▶ _Activity_
Print exactly the lines from the one that contains "3D model for Mule Deer Majesty" through the last line of the material, both included, and leave out all pictures.

▶

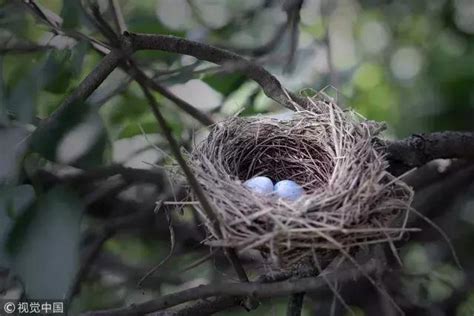 避免鳥築巢|鳥害防治！如何防止鳥築巢？友善驅鳥、防鳥方法推薦。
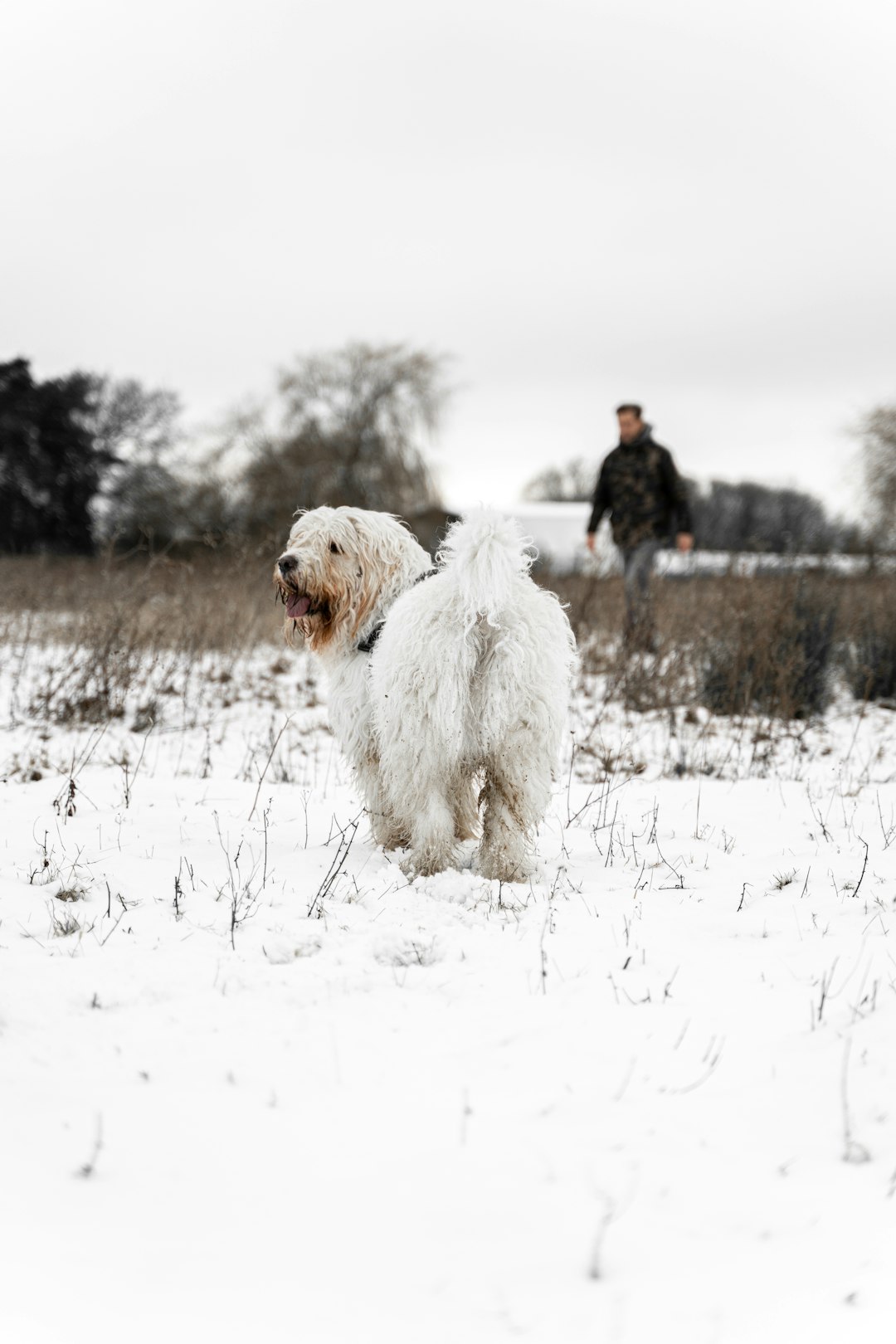 white long coated dog on snow covered ground during daytime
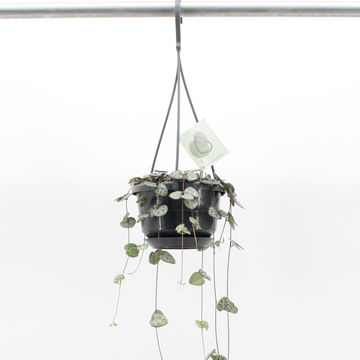 Ceropegia woodii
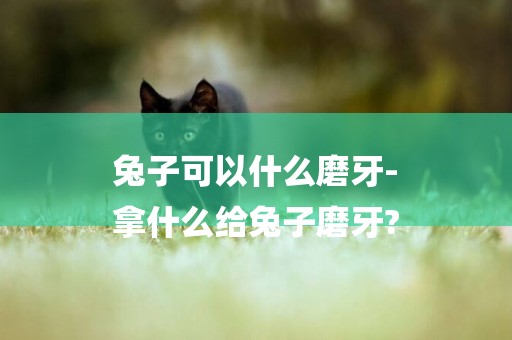 兔子可以什么磨牙-
拿什么給兔子磨牙?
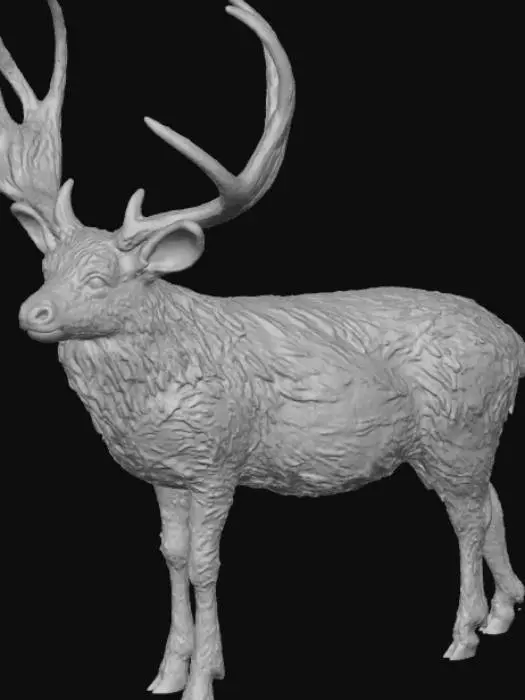 3D model for Mule Deer Majesty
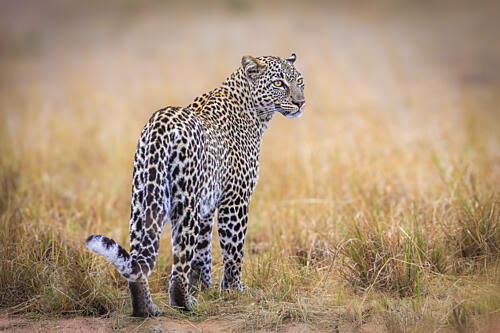 Leopard in Golden Grass Gold Print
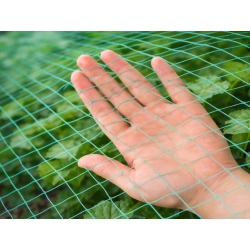 Siatka na ptaki ochronna przeciw ptakom 2x5m na ogród drzewa owoce mocna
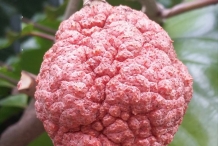 Fruit-of-African-peach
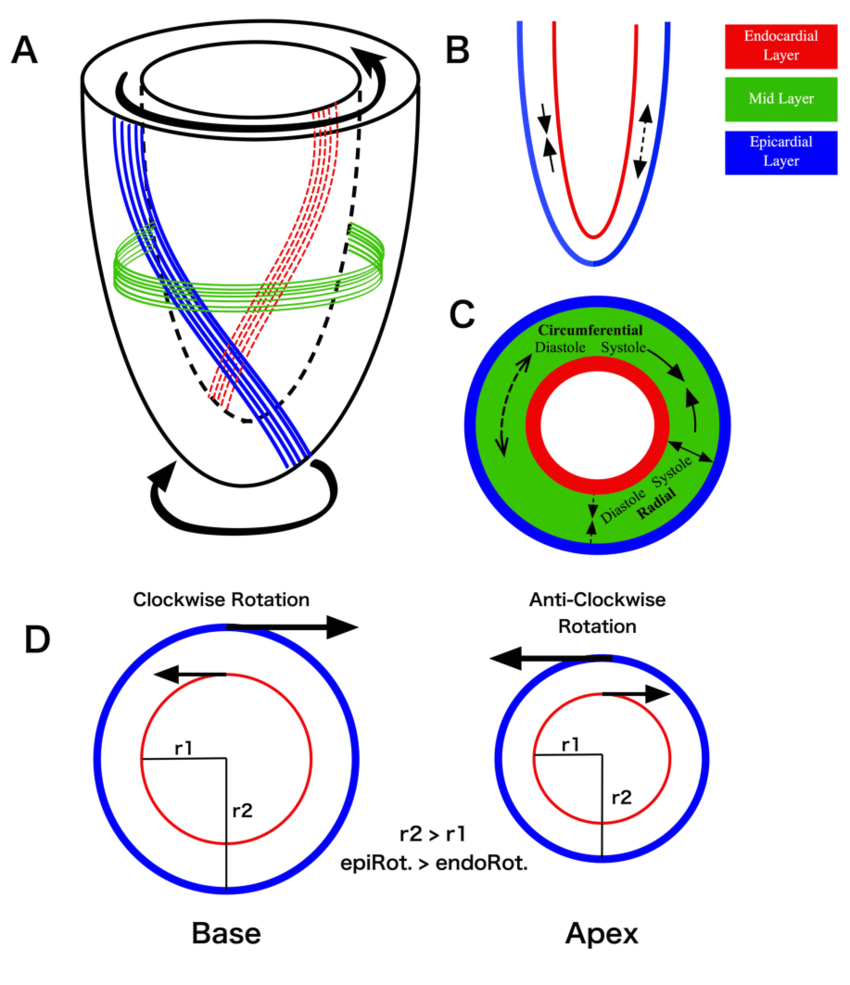 850x985 schematic drawing of lv deformation mechanics a fiber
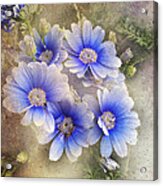 Spring Awakening Acrylic Print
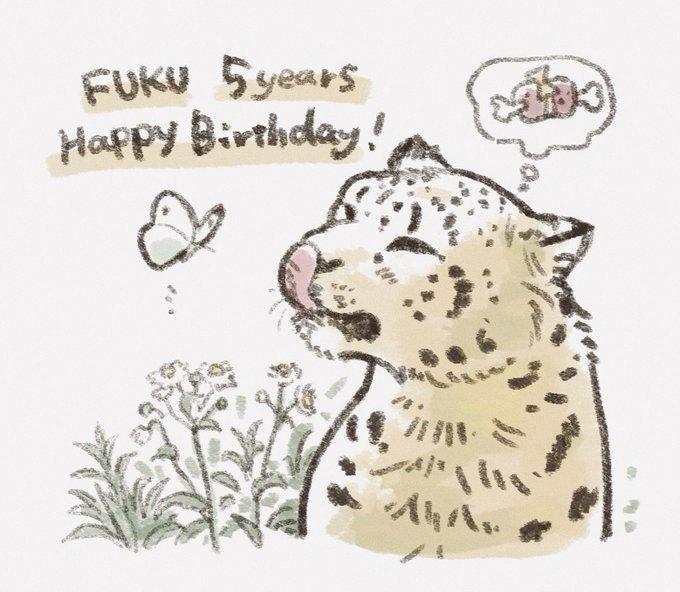 フク5歳おめでとう🎉🍖
遠いけどまた会いに行きたいよ〜
#ユキヒョウ #多摩動物公園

◀

▶ _Response area_
 3D model for Mule Deer Majesty
 Leopard in Golden Grass Gold Print
 Siatka na ptaki ochronna przeciw ptakom 2x5m na ogród drzewa owoce mocna
 Fruit-of-African-peach
 850x985 schematic drawing of lv deformation mechanics a fiber
 Spring Awakening Acrylic Print
 フク5歳おめでとう🎉🍖
遠いけどまた会いに行きたいよ〜
#ユキヒョウ #多摩動物公園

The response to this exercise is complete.